# under cabinet lighting



## jhcontracting (Jan 10, 2009)

I'm starting a search for good manufacturers of low voltage under cabinet lighting for the kitchen remodels we do. Don't want to get into the 12v style unless I'm tearing out the drywall on the walls. Can anyone suggest a few for me that have good options. 
And while I'm at it can anyone give me an idea of what type is the best to use when you aren't tearing out the drywall in the backsplash area. Or is 12v still the best to use. I looked at some previous posts, but most were from a few years ago. I'm sure products and styles have changed since then 
thanks,
JHC


----------



## Xtrememtnbiker (Jun 9, 2013)

LED strip lights are good. You run up from an outlet into the back of a cabinet for powering the transformer which is doable without messing up the backsplash area. Then you're running low voltage wire everywhere instead of having high voltage that must be in conduit.


----------



## Jaws (Dec 20, 2010)

For our new cabinets we use WAC low voltage pucks, we make a chase or false bottom on the bottom of the cabinets for them. 

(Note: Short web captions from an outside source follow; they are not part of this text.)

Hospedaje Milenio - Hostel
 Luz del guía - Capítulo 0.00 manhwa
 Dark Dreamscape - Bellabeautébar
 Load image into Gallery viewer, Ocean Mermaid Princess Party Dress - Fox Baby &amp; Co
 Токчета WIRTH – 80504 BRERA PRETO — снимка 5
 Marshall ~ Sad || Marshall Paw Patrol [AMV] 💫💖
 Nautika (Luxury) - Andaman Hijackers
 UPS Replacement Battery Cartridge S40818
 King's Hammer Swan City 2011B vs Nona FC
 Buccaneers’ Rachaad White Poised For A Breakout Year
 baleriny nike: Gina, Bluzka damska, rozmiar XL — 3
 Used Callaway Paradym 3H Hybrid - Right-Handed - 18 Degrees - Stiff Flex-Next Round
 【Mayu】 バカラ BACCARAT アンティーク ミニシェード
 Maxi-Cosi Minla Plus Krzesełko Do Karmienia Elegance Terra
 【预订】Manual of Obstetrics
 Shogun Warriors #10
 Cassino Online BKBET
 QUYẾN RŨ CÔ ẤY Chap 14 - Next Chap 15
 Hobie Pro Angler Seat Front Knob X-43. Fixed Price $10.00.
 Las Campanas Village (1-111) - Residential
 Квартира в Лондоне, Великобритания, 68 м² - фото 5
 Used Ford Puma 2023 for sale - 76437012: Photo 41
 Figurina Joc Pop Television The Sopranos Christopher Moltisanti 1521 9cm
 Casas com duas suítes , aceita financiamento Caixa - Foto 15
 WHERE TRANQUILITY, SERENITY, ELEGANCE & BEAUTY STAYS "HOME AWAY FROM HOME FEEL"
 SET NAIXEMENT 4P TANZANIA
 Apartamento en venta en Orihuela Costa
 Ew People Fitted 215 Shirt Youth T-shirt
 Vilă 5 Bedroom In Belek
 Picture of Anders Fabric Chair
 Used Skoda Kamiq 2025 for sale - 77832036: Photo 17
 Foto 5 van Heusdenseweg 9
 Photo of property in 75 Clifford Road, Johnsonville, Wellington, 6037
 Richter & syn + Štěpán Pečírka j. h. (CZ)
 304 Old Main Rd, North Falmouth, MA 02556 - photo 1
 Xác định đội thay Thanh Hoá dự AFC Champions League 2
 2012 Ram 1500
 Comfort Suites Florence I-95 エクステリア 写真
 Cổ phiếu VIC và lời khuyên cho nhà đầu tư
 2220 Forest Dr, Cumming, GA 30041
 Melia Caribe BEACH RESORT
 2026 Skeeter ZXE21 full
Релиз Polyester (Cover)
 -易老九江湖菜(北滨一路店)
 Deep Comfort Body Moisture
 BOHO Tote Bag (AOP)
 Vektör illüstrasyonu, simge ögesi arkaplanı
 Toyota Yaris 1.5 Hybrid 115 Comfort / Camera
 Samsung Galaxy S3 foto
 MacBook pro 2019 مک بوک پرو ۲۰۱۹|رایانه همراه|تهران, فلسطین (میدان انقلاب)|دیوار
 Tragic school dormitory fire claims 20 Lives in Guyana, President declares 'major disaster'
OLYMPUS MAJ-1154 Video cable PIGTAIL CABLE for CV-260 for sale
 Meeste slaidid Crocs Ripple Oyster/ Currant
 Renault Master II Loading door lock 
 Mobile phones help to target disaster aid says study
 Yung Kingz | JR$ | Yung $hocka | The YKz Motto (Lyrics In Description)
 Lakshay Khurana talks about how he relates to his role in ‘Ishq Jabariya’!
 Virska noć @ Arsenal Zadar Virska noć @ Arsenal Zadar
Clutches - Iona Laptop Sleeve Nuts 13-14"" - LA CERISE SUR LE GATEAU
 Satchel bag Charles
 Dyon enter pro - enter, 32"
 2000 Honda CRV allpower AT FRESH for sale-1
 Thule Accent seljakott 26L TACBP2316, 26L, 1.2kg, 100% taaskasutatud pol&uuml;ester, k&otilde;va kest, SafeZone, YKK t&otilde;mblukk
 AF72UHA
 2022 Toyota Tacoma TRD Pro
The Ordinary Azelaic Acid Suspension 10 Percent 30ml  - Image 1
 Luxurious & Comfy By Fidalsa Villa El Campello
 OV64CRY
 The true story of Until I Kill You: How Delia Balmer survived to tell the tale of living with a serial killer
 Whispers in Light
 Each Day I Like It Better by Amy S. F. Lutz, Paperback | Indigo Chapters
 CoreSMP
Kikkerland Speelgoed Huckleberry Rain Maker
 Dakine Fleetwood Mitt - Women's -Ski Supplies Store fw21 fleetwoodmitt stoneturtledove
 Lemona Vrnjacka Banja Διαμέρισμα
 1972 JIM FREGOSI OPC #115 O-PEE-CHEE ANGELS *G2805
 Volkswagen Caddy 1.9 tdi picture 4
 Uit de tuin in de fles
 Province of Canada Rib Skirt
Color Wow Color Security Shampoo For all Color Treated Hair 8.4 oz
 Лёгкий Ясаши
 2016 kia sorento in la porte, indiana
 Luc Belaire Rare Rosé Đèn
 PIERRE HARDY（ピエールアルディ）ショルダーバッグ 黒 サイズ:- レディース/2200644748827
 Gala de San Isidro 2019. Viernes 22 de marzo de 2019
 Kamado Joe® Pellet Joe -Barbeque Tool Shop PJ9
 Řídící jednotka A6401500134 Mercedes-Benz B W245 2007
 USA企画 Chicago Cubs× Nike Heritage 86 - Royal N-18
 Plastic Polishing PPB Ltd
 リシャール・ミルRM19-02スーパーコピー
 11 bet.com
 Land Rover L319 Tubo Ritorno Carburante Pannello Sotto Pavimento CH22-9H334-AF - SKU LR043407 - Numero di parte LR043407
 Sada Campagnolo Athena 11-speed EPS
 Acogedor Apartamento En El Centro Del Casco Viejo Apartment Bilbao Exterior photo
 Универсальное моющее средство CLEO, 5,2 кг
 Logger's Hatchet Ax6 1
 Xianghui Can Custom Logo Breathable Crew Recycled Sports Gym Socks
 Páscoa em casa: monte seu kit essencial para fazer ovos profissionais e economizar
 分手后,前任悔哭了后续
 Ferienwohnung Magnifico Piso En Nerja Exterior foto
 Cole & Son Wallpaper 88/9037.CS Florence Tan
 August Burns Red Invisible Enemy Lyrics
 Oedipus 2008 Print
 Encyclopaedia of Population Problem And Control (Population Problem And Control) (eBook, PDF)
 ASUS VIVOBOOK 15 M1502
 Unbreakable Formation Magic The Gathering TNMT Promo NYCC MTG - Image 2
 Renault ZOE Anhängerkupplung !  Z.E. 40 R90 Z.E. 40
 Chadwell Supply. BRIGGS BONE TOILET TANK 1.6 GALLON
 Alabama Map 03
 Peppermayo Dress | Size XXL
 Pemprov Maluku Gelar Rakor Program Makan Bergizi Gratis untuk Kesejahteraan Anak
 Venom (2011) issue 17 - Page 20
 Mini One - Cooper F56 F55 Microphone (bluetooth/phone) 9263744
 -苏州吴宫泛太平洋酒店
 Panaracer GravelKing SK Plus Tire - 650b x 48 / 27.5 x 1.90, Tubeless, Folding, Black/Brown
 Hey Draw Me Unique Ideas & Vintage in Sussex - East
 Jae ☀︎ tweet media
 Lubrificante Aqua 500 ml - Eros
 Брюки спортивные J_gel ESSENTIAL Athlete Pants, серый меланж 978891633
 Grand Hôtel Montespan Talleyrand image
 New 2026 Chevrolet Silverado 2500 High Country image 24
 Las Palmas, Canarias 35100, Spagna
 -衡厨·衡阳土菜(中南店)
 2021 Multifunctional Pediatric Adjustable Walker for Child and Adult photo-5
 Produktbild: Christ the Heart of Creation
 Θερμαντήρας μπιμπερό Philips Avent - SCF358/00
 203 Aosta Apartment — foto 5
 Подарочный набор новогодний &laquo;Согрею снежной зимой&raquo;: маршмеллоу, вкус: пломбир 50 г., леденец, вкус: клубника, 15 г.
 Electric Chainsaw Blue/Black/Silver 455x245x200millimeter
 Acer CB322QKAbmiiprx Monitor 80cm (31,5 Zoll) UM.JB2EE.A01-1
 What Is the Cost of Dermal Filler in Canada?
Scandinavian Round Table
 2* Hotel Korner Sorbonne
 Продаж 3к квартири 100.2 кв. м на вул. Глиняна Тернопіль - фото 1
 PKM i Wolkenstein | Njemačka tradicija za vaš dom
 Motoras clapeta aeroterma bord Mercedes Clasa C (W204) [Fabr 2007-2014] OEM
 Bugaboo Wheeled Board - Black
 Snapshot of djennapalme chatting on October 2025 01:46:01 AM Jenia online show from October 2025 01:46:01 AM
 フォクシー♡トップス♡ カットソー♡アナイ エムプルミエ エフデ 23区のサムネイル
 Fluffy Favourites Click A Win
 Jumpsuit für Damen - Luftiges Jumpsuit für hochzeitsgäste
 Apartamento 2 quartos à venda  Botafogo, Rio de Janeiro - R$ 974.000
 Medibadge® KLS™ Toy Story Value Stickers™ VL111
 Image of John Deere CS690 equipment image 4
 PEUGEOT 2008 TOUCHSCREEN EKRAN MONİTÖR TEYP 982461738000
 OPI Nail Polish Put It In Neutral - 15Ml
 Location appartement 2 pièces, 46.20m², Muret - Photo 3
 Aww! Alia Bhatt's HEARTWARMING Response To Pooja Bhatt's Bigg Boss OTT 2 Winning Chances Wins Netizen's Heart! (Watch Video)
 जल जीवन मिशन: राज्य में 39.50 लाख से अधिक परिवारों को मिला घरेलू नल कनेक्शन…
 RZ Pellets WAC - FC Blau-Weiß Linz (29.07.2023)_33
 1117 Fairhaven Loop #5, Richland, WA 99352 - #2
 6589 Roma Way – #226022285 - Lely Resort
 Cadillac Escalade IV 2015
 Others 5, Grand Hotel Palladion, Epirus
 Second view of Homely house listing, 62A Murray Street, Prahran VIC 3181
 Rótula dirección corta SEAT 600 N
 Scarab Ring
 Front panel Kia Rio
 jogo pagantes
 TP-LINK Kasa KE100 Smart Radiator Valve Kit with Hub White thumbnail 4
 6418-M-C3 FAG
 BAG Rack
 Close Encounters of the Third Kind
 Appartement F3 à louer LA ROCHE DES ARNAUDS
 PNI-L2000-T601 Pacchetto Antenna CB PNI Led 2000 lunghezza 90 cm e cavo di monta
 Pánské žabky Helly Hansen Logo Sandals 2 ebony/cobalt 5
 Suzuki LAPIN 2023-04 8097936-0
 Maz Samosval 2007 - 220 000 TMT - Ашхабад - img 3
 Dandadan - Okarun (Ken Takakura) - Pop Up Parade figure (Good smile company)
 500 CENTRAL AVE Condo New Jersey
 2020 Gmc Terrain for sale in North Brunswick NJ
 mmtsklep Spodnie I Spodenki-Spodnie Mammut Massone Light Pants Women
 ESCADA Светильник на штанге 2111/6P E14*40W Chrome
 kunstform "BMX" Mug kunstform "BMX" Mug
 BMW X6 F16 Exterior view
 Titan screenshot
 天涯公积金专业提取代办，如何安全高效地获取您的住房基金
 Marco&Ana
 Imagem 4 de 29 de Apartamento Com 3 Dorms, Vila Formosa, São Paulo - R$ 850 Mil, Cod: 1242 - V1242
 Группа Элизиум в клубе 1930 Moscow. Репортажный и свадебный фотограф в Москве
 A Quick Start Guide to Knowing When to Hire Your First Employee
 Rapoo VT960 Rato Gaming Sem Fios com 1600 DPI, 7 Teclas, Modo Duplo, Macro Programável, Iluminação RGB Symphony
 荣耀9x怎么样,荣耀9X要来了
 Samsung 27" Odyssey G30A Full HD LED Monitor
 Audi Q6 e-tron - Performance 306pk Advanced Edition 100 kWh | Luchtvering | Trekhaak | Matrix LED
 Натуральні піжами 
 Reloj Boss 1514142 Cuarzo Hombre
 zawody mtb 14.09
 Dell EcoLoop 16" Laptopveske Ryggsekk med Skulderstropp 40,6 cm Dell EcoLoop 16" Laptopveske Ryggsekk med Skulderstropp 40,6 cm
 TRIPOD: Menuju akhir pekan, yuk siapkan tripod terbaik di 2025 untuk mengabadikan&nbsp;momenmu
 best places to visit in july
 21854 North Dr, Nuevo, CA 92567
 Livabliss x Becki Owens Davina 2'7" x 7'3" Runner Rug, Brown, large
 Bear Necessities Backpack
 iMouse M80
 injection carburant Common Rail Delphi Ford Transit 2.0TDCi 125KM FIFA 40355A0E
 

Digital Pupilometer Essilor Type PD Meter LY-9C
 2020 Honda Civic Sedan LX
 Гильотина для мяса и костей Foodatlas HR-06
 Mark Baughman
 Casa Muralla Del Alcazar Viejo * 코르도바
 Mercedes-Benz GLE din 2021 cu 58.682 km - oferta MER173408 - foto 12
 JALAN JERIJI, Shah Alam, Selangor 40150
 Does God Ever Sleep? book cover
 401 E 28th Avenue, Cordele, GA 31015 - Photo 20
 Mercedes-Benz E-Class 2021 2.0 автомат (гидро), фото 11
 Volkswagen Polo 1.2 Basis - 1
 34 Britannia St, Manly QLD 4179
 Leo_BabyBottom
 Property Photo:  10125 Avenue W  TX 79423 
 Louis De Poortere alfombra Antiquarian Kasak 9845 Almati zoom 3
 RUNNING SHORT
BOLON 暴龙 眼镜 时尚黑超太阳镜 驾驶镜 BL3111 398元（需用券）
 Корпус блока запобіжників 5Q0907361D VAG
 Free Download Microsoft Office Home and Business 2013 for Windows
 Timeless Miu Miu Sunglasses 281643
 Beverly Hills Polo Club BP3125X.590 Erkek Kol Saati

For existing, LED strips are good. Not sure of the brand we use, ill look later.


----------



## rrk (Apr 22, 2012)

I use several different types from Outwater Plastics http://www.outwatercatalogs.com/lg_display.cfm/page/20/catalog/Master_Catalog_Vol_42

They have tons of different types, and have a whole catalog for lighting


----------



## Xtrememtnbiker (Jun 9, 2013)

Jaws said:


> For our new cabinets we use WAC low voltage pucks, we make a chase or false bottom on the bottom of the cabinets for them. For existing, LED strips are good. Not sure of the brand we use, ill look later.


I also didn't mean to imply you can't get low voltage non led lights. I was combining two thoughts, led lights (my preference) and the recommendation to use low voltage. 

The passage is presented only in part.